The new restrictions prohibit Virginia police from sharing tracking data with the Trump administration and require Virginians’ data to be regularly purged.
And not a minute too soon: this year, ICE has used ALPRs to target immigrants all over the United States.
Supercharged by AI, government surveillance is rapidly expanding. The erosion of privacy is a direct threat to anyone in the crosshairs of the Trump administration – including our immigrant neighbors, people seeking reproductive and gender-affirming care, and everyone protesting for democracy.
How We're Shoring Up Our Rights At Home
When lawmakers return to the Capitol in Richmond next January, we'll be there, ready to advocate to protect Virginians from escalating attacks on our civil rights and civil liberties. To meet the moment, we’re setting our sights even higher than Virginia Code, and aiming for Virginia’s constitution.
Enshrining our rights in Virginia’s constitution would mean no matter who’s in office, our rights would be as secure as possible. In 2025, we pushed Virginia lawmakers to pass language for three amendments to Virginia’s constitution: one to protect Virginians’ reproductive freedom, one to guarantee marriage equality in the Commonwealth, and one to expand the right to vote.
The amendments are far from a done deal. Passing a constitutional amendment is a multi-year process, and these amendments will only become part of Virginia’s constitution if lawmakers pass the exact same language again in this year’s upcoming legislative session.
Only then would Virginians finally get the chance to vote on the amendments themselves, when the proposals would go on the ballot for the November 2026 election.
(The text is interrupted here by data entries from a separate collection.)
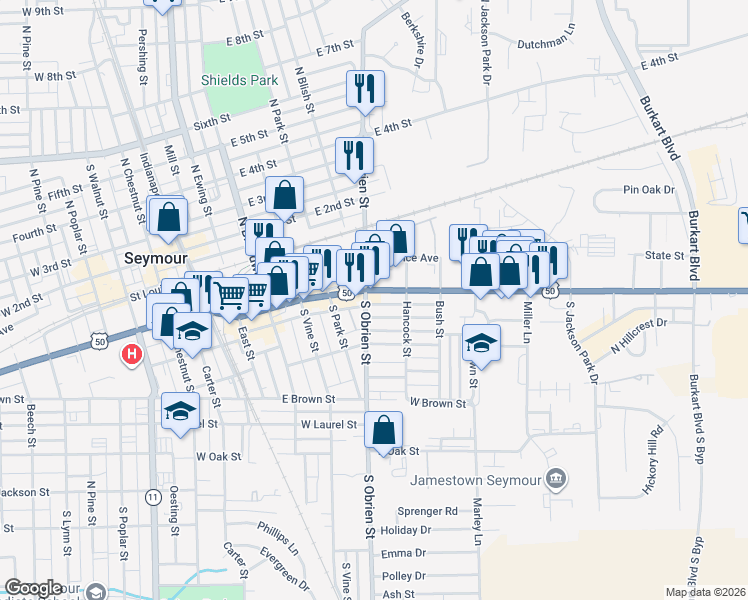 map of restaurants, bars, coffee shops, grocery stores, and more near 600 East Tipton Street in Seymour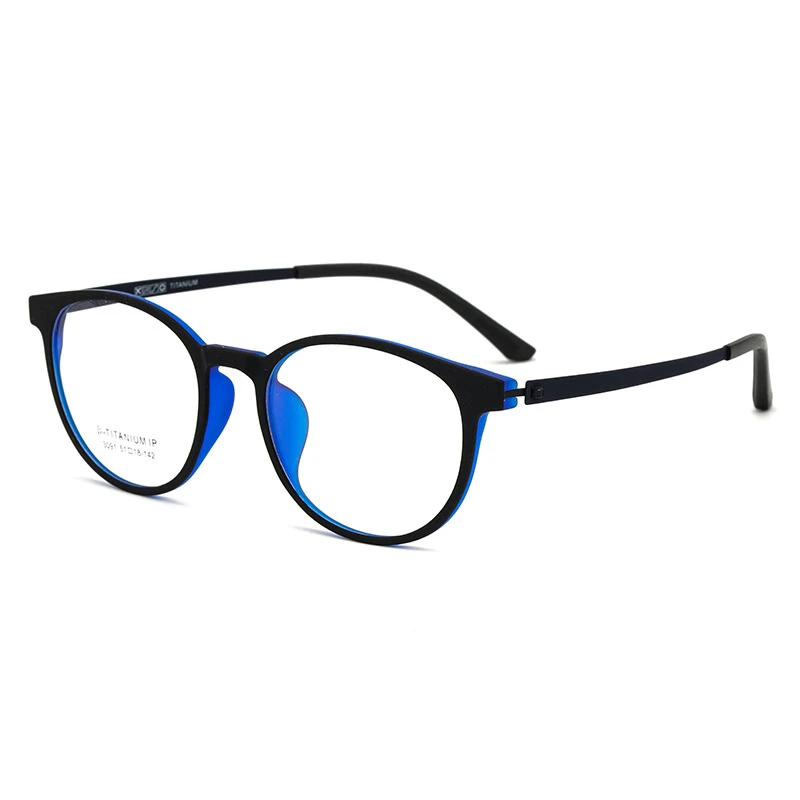 KatKanı Ultra Hafif Rahat TR90 Gözlük Kadın Retro Yuvarlak Saf Titanyum Optik Reçete Gözlük Çerçevesi Erkekler 02-3091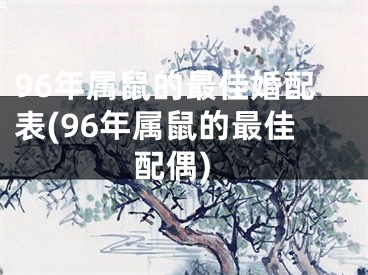 96年属鼠的最佳婚配表(96年属鼠的最佳配偶)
After all, our civil rights and civil liberties should never be left to the whims of politicians.
As federal attacks on our freedoms escalate, that couldn’t be more important. Virginia is the only state in the South that didn’t pass an abortion ban after Roe v. Wade was overturned, and since 2022, it's seen the largest increase in out-of-state patients seeking reproductive healthcare of any state. A constitutional amendment would protect access to reproductive healthcare in Virginia – from contraception to childbirth – from government interference.
Other fundamental freedoms are vulnerable to federal threats, too. For example, in Virginia, same-sex marriage is prohibited by our state constitution: it’s only currently possible because federal court decisions legalizing it override the outdated ban on same-sex marriage that’s still written into Virginia’s constitution.
If the Supreme Court decision legalizing same-sex marriage nationwide were overturned, then Virginia’s constitutional ban could go into effect. An amendment to Virginia’s state constitution would ensure no matter what happens at the federal level, Virginia marriages would be protected.
The third amendment to Virginia’s constitution that we're pushing lawmakers to pass is different than the first two, which seek to protect the rights we already have. The third amendment seeks to right a wrong: it would eliminate the Commonwealth’s policy of permanently stripping anyone with a felony conviction of their right to vote.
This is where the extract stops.